Luter proposes lower-density Grange development
Published 9:13 pm Monday, January 27, 2025
Smithfield’s Town Council got its first look on Jan. 27 at a revised concept for the Grange at 10Main that would reduce the density of the 57-acre development slated for the western edge of the town’s historic district by 65%.
Developer Joseph Luter IV’s latest plan calls for 93 homes, 45 of which would be townhouses, and would scrap the three-story apartment buildings that had been part of the 267-home concept a prior Town Council split 3-2 to approve in 2023 for mixed-use zoning. Council members Mary Ellen Bebermeyer, Darren Cutler, Bill Harris and now-Mayor Mike Smith, who each won seats in the 2024 election, campaigned on a platform of reining in growth and said at an October candidate forum that they opposed the prior council’s commitment of up to $1.4 million to move the Smithfield Farmers Market to the Grange.
“We had a highly contentious process in getting the Grange approved and I’m well aware that many that sit before me today were opposed to that project,” Luter said. “We have zero interest in moving forward without the support of the council. Nothing that my father has ever done, that I’ve ever done, in this town has been intended to be in defense, or in objection to the citizens and the leadership of the town of Smithfield.”
Luter’s father, former Smithfield Foods Chairman Joseph Luter III, in 2022 offered land and $1 million conditioned on the town and Isle of Wight County each putting up $1.4 million to build a permanent home for the weekly market that currently operates seasonally in the Bank of Southside Virginia parking lot on Main Street.
The county, which jointly operates the market with the town, is currently operating on a one-year extension of its lease with the bank. In 2024, two years after pledging its own $1.4 million, the Board of Supervisors voted to officially transfer its share to the Isle of Wight Economic Development Authority, which has agreed verbally to serve as landlord for a brick structure and outdoor lawn that would house indoor-outdoor market vendor stalls, a two-story restaurant, public bathrooms and rental retail space. The town has yet to follow Isle of Wight’s lead in transferring its share to the EDA.
What’s changed?
Luter said his revised plan, which now shows an L-shaped market building rather than the elongated version in prior illustrations, still calls for the town to follow through with its $1.4 million pledge. He said he’d also potentially ask the town to fund a brick wall that would front Main Street.
“We’ll take care of the rest,” Luter IV said.

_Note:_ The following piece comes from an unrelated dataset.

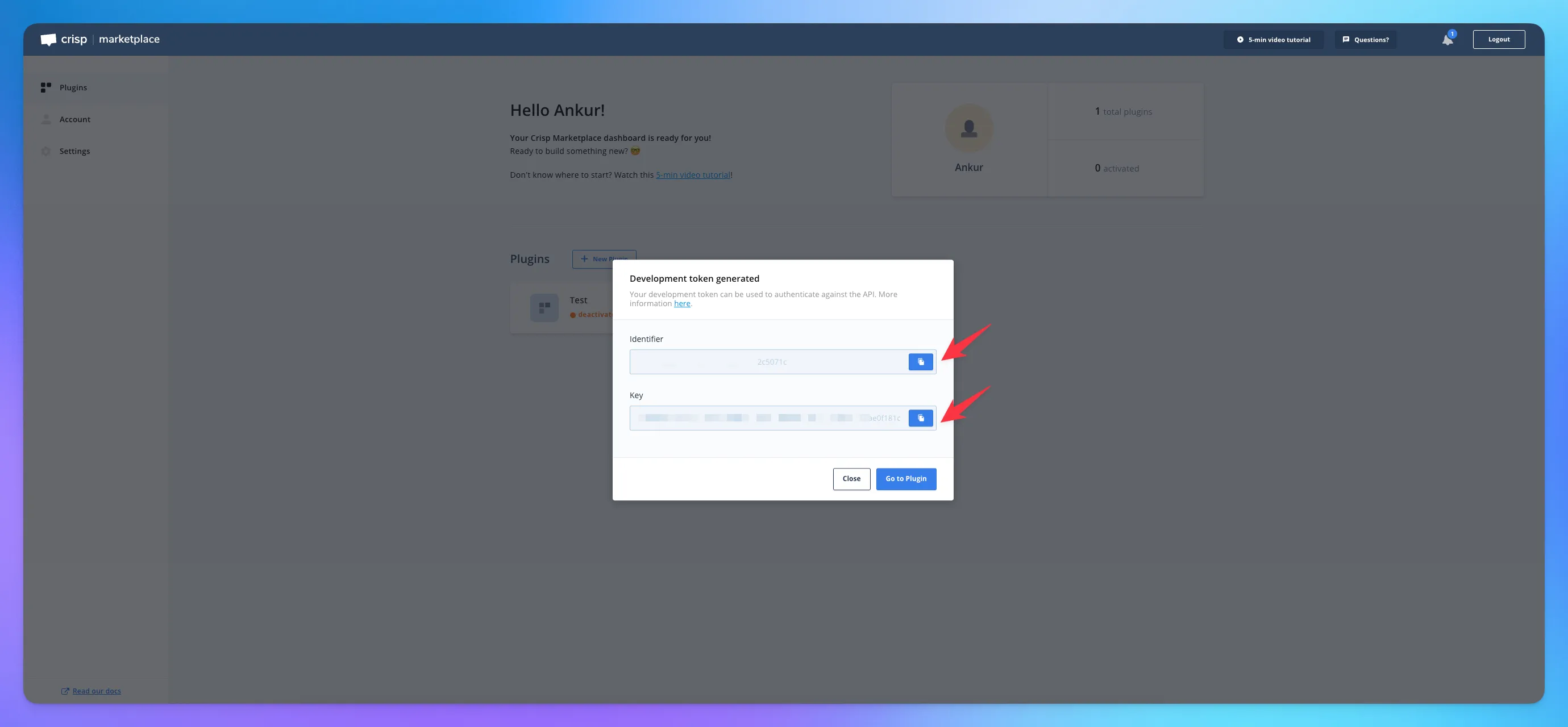 add your identifier and key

Luter III had offered the town $6 million in May, conditioned on the town matching the amount and moving its market to the Grange. Former Mayor Steve Bowman said the money was intended at the time to fund the wall and brick paver sidewalks in town-owned right-of-way fronting the Grange. Bowman facilitated the transfer of funds during a May visit with Luter III at Luter’s Palm Beach, Florida, home, but after six months of inaction by the council, Luter IV requested – and the town agreed – to return the funds.
Among the controversies that plagued the Grange’s 2023 rezoning process was a remark Luter IV had made that year to the town’s Planning Commission about potentially seeking “reimbursement” for certain “public” components of the Grange, such as the cost of extending utilities – something Luter IV told the new council he’s not planning to request from the town this time around.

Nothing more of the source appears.